Ellicott’s Commentary makes the following observation about the covenant
(12) This is the token of the covenant.—The word rendered “token” really means sign, and is a term that has met with very unfortunate treatment in our Version, especially in the New Testament, where—as, for instance, in St. John’s Gospel—it is too frequently translated miracle. Its meaning will be best seen by examining some of the places where it occurs: e.g., Genesis 17:11; Exodus 3:12; Exodus 12:13; Exodus 13:16; Numbers 17:10; Joshua 2:12; Job 21:29; Psalms 65:8; Psalms 86:17; Psalms 135:9; Isaiah 44:25. In the majority of these places the sign, or token, is some natural occurrence, but in its higher meaning it is a proof or indication of God’s immediate working. On proper occasions, therefore, it will be supernatural, because the proof of God’s direct agency will most fitly be some act such as God alone can accomplish. More frequently it is something natural. Thus the sign to the shepherds of the birth of a Saviour, who was “the anointed Jehovah” (Luke 2:11), was their finding in a manger a babe wrapped in swaddling clothes, a thing of the most simple and ordinary kind. We may dismiss, then, all such curious speculations as that no rain fell before the flood, or that some condition was wanting necessary for producing this glorious symbol. What Noah needed was a guarantee and a memorial which, as often as rain occurred, would bring back to his thoughts the Divine promise; and such a memorial was best taken from the natural accompaniments of rain. We may further notice with Maimonides that the words are not, as in our version, “I do set,” but my how I have set in the cloud: that is, the bow which God set in the cloud on that day of creation in which He imposed upon air and water those laws which produce this phenomenon, is now to become the sign of a solemn compact made with man by God, whereby He gives man the assurance that neither himself nor his works shall ever again be swept away by a flood.

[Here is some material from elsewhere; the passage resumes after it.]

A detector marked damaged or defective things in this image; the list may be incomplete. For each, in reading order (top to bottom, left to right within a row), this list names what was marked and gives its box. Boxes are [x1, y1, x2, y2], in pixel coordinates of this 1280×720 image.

But a covenant is a contract between two parties; and what, we may ask, was the undertaking on man’s part? The Talmud enumerates several of the chief moral laws, which it supposes that Noah was now bound to observe. More truly it was a covenant of grace, just as that in Genesis 6:18 was one simply of mercy. What then might have been granted simply as a promise on God’s part is made into a covenant, not merely for man’s greater assurance, but also to indicate that it was irrevocable. Promises are revocable, and their fulfilment may depend upon man’s co-agency; a covenant is irrevocable, and under no circumstances will the earth again be destroyed by water.
The rainbow appears in the Chaldean Genesis, but in a heathenish manner:—
“From afar the great goddess (Istar) at her approach
Lifted up the mighty arches (i.e., the rainbow) which Anu
had created as his glory.
The crystal of those gods before me (i.e., the rainbow) never
may I forget.”—Chald. Gen., p. 287.
- The first point made by Ellicott is that the rainbow, as a sign, need not be something new to the earth. We can have the debate about the Firmament, but it is irrelevant to the rainbow functioning as a sign – even if Noah had seen rainbows before the Flood.

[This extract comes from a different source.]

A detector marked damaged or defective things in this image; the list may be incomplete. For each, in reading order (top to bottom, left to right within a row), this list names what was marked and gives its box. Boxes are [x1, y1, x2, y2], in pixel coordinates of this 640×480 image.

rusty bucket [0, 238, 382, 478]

- Ellicott notes that the covenant typically requires something from both parties. God has promised to never again destroy the earth with a flood and God has set his bow in the sky to show that He is keeping that promise. Mankind is doing… what? Ellicott notes then that this is a covenant of grace.

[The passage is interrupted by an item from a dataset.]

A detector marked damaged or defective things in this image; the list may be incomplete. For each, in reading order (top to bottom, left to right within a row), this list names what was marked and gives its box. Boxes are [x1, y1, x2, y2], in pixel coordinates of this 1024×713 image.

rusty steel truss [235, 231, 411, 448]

- He shares that the Chaldean Genesis account bears a similarity inasmuch as it mentions the rainbow but the surrounding circumstances are according to his notes, “heathenish.”
That pretty much wraps up this section of Genesis. I will do a recap / review / FAQ section for everything that we’ve covered from Cain and Abel right up to this covenant. I want to go back through my old posts in this section and see if there’s anything I want to dig into a little more in the recap, before moving on, so the next Genesis post might be several days away.